_Work instruction_. Reproduce verbatim, line by line, everything from the line containing "AMD、次世代ゲーム向けGPUの製品名を「Radeon RX Vega」に" to the last line of the listing below; add nothing.

_Supplied data_.
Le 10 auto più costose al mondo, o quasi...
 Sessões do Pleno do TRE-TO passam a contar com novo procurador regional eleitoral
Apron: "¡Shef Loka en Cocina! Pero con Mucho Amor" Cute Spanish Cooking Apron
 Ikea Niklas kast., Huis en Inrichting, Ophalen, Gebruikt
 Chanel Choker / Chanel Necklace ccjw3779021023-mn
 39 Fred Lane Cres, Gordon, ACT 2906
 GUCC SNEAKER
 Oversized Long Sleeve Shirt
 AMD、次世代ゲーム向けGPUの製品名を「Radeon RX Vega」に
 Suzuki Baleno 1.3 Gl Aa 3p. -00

_Task output_.
 AMD、次世代ゲーム向けGPUの製品名を「Radeon RX Vega」に
 Suzuki Baleno 1.3 Gl Aa 3p. -00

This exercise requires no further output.